---------- SUPPLIED RECORDS

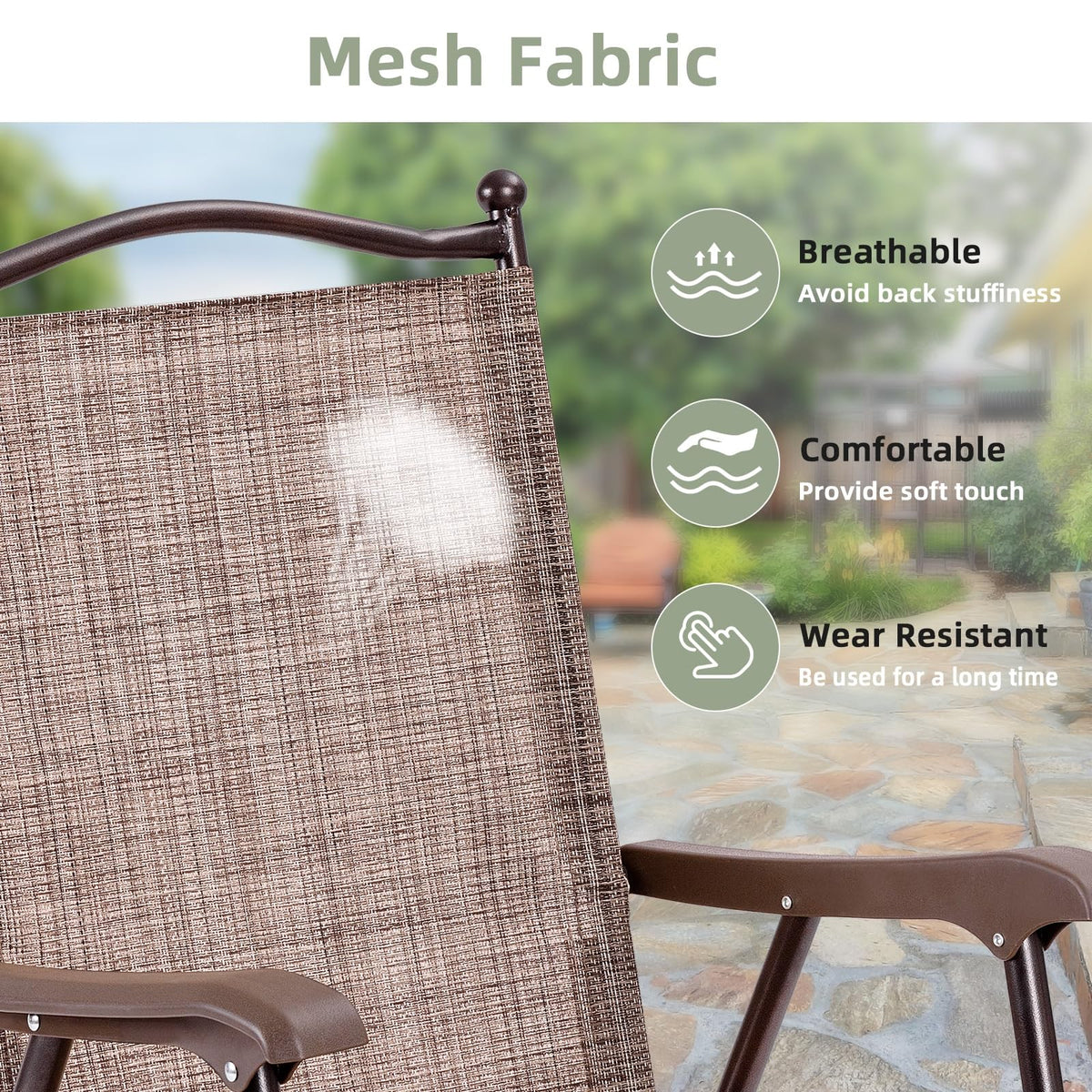 Set of 2 Brown Folding Patio Dining Chairs with Armrests M95622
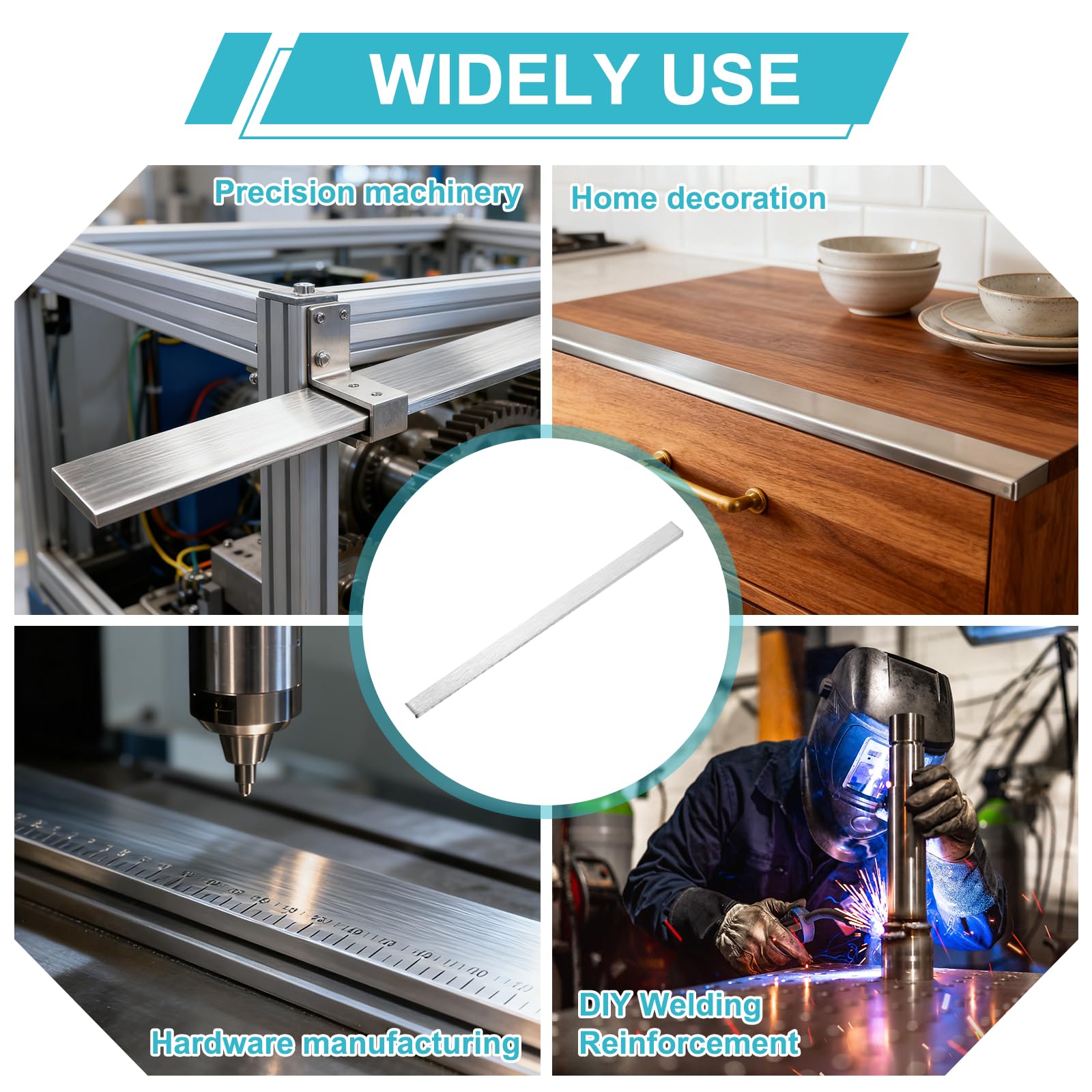sourcing map Lot de 2 barres plates en acier inoxydable 316, 4 mm x 10 mm x 200 mm (L x l x L), barre en acier avec gants, finition brossée pour industrie, loisirs créatifs
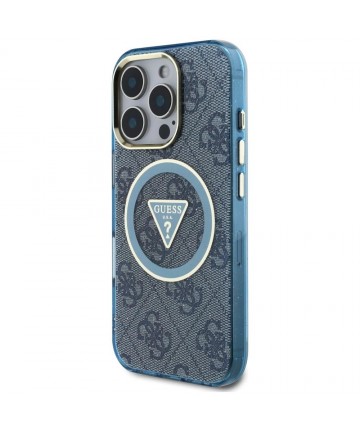 Guess IML Metal Glitter 4G Circle Triangle MagSafe Case for iPhone 16 Pro Max - Blue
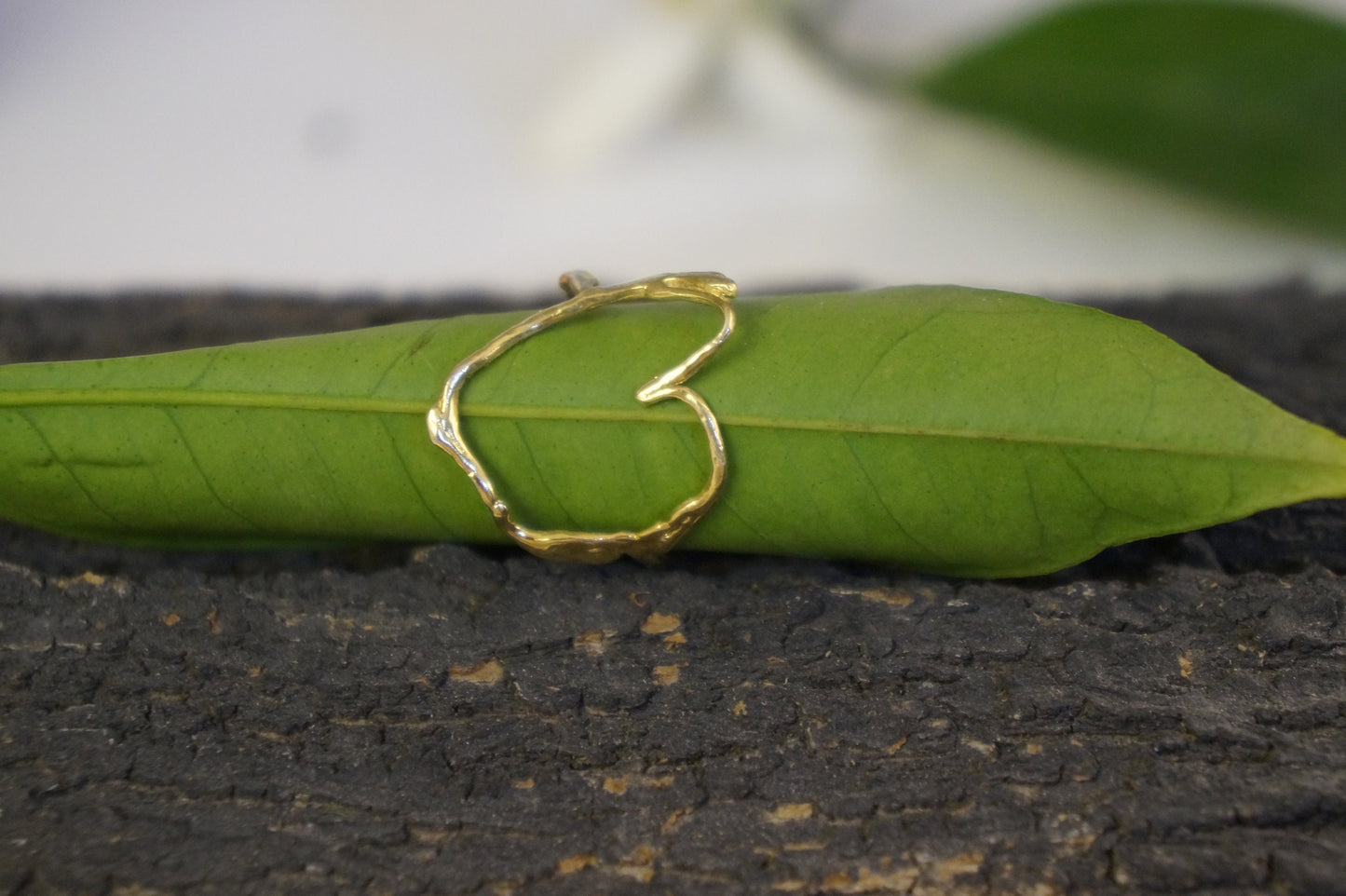 Jasmine plant Twig ring in Sterling Silver, heart Branch ring, Alternative engagement ring, love ring, Jasmine Twig Ring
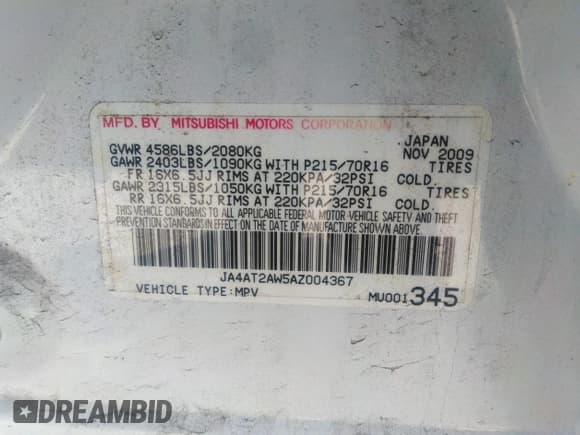 ✅ 2010 Mitsubishi Outlander ES • VIN: JA4AT2AW5AZ004367 • Lot: 42473635. Listed on IAAI with 156,250 mi. Free auction sales archive from the USA and detailed vehicle history report at DreamBid. Image 9.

--------------------

• [EXERCISE] What is needed is an exact copy of the lines above, from the one holding "Guess IML Metal" down to the one holding "Jasmine plant Twig", with those two included and the pictures left out.

• [ANSWER BELOW]
 Guess IML Metal Glitter 4G Circle Triangle MagSafe Case for iPhone 16 Pro Max - Blue
 Jasmine plant Twig ring in Sterling Silver, heart Branch ring, Alternative engagement ring, love ring, Jasmine Twig Ring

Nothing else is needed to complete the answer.